Also google "sensitivity-specificity tradeoff." Initiating emergency braking when at least one sensor detects a pedestrian has the highest sensitivity, but the worst specificity. The real trolley problem of self-driving: how many spilled drinks and read-end collisions society is willing to tolerate to save one life.
Kind of unrelated. That issue was due to a misguided effort to be cautious by having vehicles requesting human-review when they didn't really need it. Waymo fixed the issue by allowing the vehicles to operate in their normal, independent, mode.
part of the problem is that SFs traffic lights just turn off in a power outage, rather than flashing red battery power as I have seen in many other jurisdictions
This seems tautological, but in practice, you might expect to see different results.
Engineering hours are finite, so if they're spread across interpreting signals from two different sources, they might not go deep enough to make either one as good as it could be.
Having your engineering resources more focused on a particular approach might actually yield better results.
I say this as someone who's dealing with LiDAR + vision vs pure vision in a different domain, and at this point, I actually think our pure vision systems are better.

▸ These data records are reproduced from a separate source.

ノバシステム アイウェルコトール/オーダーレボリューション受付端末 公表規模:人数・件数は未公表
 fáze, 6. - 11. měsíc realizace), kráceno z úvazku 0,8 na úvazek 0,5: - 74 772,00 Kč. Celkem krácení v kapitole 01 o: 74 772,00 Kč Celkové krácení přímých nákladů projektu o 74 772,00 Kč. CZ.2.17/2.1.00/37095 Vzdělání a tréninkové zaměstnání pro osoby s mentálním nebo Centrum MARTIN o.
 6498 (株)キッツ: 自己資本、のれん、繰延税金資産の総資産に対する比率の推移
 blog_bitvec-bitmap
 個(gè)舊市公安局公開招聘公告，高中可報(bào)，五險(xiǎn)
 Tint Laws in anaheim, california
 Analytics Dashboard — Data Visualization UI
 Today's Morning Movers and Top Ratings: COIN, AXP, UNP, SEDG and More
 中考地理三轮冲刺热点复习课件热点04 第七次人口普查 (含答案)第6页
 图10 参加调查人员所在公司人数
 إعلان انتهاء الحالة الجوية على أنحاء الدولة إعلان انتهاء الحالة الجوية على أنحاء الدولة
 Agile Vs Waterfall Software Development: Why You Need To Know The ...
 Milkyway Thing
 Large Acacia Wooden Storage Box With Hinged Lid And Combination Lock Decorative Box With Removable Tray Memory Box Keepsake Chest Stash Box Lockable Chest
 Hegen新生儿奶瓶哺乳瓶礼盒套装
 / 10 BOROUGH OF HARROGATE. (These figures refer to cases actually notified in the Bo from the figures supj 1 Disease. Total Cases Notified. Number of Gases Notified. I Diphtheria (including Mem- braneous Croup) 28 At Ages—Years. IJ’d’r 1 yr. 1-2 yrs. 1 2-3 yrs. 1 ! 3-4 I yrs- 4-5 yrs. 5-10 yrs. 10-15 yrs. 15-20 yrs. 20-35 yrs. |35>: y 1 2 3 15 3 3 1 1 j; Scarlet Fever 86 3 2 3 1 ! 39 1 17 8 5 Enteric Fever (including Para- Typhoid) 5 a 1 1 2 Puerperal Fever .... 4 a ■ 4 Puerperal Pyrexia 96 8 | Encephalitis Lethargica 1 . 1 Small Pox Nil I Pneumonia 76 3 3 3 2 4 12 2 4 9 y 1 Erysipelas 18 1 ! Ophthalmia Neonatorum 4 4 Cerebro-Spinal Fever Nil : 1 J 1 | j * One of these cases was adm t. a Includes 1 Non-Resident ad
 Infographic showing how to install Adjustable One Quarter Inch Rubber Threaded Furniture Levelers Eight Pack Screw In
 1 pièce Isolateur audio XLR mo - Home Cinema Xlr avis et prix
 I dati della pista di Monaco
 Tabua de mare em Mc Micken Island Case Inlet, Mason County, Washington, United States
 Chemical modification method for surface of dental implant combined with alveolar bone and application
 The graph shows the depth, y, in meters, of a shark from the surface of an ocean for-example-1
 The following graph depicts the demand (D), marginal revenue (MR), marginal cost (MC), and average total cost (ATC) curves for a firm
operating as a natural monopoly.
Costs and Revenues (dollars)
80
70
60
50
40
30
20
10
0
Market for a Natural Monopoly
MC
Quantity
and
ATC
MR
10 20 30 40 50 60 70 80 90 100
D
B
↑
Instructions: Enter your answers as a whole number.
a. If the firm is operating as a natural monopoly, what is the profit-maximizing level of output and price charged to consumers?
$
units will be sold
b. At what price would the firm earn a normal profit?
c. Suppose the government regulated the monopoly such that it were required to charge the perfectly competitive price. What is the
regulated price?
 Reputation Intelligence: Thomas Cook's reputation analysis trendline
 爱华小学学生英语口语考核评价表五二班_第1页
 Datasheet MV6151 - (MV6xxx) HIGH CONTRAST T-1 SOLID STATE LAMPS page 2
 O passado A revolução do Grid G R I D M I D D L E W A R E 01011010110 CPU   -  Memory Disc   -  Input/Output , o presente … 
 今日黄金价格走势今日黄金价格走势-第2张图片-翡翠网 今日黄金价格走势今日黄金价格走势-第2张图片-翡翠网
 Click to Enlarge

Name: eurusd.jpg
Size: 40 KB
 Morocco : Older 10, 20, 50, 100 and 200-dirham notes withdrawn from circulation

More often than not, constraints refine and focus a project, rather than restricting it. It’s best to start work with as few variables as possible, and only add new ones when absolutely necessary; You make a lot more progress that way.
For very complex things like AVs, it is critically important to keep the number of such variables down, since each acts on complexity & workload not as an addition but more like a quadratic, or worse—combinatorial explosion.
This is one of the reasons why I'm suspicious of camera-only systems, here in Finland. Half the year there's a lot of snow and ice around. Which I imagine means most of the view is "white" and "shiny". Coupled with the dark winters it's gotta be a nightmare to deal with.
Not necessarily. Depending on angle and water depth, multi-return LIDAR can give you returns from both water surface and the road surface beneath, in the same way multi-return LIDAR can produce returns from vegetation and the ground beneath.
Could you use a different spectrum of EM radiation to detect water? There are parts of the microwave band that attenuate the signal by absorption and I wonder if you could use that. The only clue a human driver has in that situation is in the visible spectrum. The lines of the road disappear from view, which can be challenging to see at night.
In theory you could send different frequencies, but then you run afoul of all kinds of potential interference with other systems and other local regulations.
That said, FSD seems quite capable of routing around standing water in many cases (e.g. https://xcancel.com/planoken/status/2030754820462633031, https://www.reddit.com/r/TeslaFSD/comments/1pw9f2m/fsd_navig..., https://xcancel.com/BLKMDL3/status/1991862465328779317, https://xcancel.com/JVTacoma/status/2046313902749921638), so handling the remaining cases seems more like a model intelligence / data issue rather than a sensor limitation. Lidar beams generally bounce off mirrorlike surfaces without returning to the sensor, so I think all lidar would tell you about standing water is "there's something shiny/reflective within this region of the image", which you already know from cameras+headlights.